It is a 3 in a scale of 5. The reason the patch is HUGE is because the
epoll ->poll() code now has to perform an operation similar to what was
performing in epoll_wait(), and under the same constraints (check out for
recursions and too long nesting chains) that were checked in the wakeups.
So instead of duplicating the code, I made the two core operations such
that they get a function pointer for the core operation they have to
perform. That required some code movement.

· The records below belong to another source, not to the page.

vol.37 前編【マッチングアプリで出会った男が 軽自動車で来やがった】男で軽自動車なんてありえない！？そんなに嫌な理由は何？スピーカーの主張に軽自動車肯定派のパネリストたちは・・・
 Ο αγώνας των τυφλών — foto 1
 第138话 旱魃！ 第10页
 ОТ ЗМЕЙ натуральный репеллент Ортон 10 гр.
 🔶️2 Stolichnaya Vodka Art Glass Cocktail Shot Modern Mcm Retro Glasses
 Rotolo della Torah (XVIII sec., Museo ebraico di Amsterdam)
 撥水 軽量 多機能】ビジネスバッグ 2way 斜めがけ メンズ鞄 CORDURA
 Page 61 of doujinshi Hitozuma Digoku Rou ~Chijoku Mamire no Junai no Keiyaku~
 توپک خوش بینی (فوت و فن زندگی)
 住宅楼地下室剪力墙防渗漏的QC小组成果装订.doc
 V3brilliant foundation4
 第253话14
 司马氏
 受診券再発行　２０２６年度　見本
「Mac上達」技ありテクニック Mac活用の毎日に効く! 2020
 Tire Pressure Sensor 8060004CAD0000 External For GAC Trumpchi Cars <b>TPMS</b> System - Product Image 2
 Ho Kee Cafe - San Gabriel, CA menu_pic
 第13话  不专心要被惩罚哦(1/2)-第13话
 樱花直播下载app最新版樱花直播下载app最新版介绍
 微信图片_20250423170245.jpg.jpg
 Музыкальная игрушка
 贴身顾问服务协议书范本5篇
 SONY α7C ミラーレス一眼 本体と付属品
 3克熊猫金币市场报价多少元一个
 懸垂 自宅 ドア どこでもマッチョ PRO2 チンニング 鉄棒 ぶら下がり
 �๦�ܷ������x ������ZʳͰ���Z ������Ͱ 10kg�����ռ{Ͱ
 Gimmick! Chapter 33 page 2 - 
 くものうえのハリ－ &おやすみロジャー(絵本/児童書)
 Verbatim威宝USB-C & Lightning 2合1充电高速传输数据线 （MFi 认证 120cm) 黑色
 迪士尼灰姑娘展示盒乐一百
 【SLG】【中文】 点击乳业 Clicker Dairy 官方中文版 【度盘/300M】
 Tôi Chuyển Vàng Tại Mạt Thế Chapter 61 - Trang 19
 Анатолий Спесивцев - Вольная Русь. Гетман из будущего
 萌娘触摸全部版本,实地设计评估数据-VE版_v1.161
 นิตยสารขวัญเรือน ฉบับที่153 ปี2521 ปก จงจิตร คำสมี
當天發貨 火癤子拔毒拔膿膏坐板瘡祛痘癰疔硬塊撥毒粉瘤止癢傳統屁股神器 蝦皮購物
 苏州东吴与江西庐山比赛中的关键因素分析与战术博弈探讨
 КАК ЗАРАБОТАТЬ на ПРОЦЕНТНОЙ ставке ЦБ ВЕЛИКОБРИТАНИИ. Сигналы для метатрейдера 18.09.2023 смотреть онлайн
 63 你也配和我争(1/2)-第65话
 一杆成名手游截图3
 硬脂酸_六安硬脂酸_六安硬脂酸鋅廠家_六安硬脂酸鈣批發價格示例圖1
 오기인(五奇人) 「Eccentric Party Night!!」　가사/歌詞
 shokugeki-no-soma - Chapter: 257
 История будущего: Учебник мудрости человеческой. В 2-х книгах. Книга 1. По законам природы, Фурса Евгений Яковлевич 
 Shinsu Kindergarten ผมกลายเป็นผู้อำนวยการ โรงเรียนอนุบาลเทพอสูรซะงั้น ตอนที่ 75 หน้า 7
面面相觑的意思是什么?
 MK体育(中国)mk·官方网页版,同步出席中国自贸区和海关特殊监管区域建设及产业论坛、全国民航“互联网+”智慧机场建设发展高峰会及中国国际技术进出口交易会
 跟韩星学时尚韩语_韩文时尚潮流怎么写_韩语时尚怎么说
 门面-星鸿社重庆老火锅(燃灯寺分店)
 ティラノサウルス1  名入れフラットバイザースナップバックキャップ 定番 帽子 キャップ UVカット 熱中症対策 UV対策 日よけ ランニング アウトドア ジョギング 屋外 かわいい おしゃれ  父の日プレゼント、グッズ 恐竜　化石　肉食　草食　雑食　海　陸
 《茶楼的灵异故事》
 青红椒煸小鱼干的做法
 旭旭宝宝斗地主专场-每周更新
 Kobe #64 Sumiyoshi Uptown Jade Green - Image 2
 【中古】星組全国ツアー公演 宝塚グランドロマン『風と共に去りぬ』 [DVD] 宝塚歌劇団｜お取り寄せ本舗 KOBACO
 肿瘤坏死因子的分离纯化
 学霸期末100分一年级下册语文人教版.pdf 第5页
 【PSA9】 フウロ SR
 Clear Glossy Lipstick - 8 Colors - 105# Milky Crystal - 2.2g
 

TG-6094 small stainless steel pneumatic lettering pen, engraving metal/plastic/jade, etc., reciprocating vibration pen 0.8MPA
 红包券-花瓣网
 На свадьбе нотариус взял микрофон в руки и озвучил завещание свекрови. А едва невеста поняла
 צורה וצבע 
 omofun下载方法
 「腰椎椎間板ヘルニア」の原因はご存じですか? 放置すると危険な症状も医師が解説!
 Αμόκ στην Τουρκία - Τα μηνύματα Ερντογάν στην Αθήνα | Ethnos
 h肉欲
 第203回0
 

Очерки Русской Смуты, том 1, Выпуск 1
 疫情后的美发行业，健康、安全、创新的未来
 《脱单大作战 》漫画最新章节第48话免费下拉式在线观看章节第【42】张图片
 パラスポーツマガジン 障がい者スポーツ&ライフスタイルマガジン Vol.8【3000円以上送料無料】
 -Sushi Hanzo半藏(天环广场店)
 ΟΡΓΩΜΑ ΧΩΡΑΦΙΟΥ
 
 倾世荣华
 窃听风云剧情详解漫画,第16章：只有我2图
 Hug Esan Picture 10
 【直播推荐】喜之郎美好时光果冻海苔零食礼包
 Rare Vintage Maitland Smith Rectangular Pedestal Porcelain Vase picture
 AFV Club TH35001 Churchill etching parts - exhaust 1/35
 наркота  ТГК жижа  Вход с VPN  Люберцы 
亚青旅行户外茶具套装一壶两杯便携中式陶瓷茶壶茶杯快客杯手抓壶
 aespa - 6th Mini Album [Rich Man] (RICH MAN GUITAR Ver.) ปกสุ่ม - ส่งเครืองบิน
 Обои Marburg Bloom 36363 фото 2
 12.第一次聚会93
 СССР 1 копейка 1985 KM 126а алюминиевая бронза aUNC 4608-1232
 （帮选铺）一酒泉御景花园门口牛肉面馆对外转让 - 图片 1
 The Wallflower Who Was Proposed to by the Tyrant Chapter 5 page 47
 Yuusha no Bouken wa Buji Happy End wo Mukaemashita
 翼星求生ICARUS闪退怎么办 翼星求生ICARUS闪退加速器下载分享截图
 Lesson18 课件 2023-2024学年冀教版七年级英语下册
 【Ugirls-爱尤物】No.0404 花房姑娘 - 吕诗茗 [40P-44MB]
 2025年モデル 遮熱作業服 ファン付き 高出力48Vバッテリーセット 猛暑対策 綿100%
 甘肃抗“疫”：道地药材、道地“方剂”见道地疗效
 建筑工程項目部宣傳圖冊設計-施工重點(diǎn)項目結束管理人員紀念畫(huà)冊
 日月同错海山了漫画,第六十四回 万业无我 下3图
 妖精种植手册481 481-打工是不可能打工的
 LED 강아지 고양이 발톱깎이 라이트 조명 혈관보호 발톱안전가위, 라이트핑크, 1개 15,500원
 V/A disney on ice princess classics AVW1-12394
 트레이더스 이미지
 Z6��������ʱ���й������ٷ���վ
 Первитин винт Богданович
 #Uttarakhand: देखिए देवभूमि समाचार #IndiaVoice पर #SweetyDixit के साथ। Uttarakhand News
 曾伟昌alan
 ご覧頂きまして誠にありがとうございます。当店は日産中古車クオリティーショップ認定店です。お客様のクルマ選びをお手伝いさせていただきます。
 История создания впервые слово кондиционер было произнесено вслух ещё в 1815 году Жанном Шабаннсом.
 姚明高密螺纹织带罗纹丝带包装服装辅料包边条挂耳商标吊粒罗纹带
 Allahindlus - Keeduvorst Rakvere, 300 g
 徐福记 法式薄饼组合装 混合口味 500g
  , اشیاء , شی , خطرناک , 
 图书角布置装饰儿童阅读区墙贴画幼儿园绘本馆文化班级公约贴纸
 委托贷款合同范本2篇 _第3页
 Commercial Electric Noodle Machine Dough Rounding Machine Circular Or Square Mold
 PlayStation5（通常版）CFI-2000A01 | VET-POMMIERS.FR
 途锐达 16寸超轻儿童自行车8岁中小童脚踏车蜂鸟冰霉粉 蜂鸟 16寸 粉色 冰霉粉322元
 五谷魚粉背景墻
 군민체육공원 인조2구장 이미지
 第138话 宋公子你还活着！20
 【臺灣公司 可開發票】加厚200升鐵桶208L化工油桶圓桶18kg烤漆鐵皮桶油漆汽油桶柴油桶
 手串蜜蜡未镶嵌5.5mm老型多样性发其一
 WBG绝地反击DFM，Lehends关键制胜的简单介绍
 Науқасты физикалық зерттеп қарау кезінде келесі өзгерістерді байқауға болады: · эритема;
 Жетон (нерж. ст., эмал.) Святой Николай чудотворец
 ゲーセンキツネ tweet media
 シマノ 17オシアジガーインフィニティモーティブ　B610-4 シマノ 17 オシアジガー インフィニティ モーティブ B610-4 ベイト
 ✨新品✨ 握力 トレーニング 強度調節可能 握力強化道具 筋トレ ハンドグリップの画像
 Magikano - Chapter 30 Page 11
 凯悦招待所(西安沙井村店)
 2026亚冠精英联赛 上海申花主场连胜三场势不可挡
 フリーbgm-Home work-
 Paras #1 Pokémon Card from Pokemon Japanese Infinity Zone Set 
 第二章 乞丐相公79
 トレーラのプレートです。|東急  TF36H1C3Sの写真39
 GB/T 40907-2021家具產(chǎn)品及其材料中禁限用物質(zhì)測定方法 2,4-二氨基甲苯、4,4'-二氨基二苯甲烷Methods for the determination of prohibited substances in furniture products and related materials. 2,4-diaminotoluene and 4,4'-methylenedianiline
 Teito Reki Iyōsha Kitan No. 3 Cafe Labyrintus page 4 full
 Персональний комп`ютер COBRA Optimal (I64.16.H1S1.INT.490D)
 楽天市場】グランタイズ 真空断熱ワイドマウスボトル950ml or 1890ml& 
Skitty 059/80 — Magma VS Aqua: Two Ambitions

> Please use checkpatch? The patch attempts to add a large amount of
> crap, must notably lots of lines which for some reason start with
> space-space-tab-tab-tab. I doubt if you meant to do that (editor brain
> damage), and checkpatch's main purpose is to tell you about things
> which you didn't mean to do.
I know why. Don't ask :)
> > +{
> > + int error, pwake = 0;
> > + unsigned long flags;
> > + struct epitem *epi, *nepi;
> > + struct list_head txlist;
> > +
> > + INIT_LIST_HEAD(&txlist);
>
> Could use
>
> LIST_HEAD(tx_list);
ACK
> > + list_splice(&ep->rdllist, &txlist);
> > + INIT_LIST_HEAD(&ep->rdllist);
>
> list_splice_init()?
ACK
> Some places the code uses ep_is_linked(&ep->rdllist), other places it
> uses open-coded list_empty().
>
> ep_is_linked() is a fairly poor helper, really - it could be passed any
> list_head at all. I think that it would be better to do
>
> static inline int ep_is_linked(struct epitem *ep)
> {
> return !list_empty(&ep->rdllist);
> }
>
> and then use this consistently.
Seems they're used the same, but they aren't. There are two different
entities, even though characterized by the same structure. One are the
lists head itself (like ep->rdllist), that is a list, checked with list_empty,
the others are the elements chained to the list (like epi->rdllink),
checked with the helper.
> > + else
> > + /*
> > + * Item has been dropped into the ready list by the poll
> > + * callback, but it's not actually ready, as far as
> > + * caller requested events goes. We can remove it here.
> > + */
> > + list_del_init(&epi->rdllink);
>
> Please use braces around the comment and code when doing this.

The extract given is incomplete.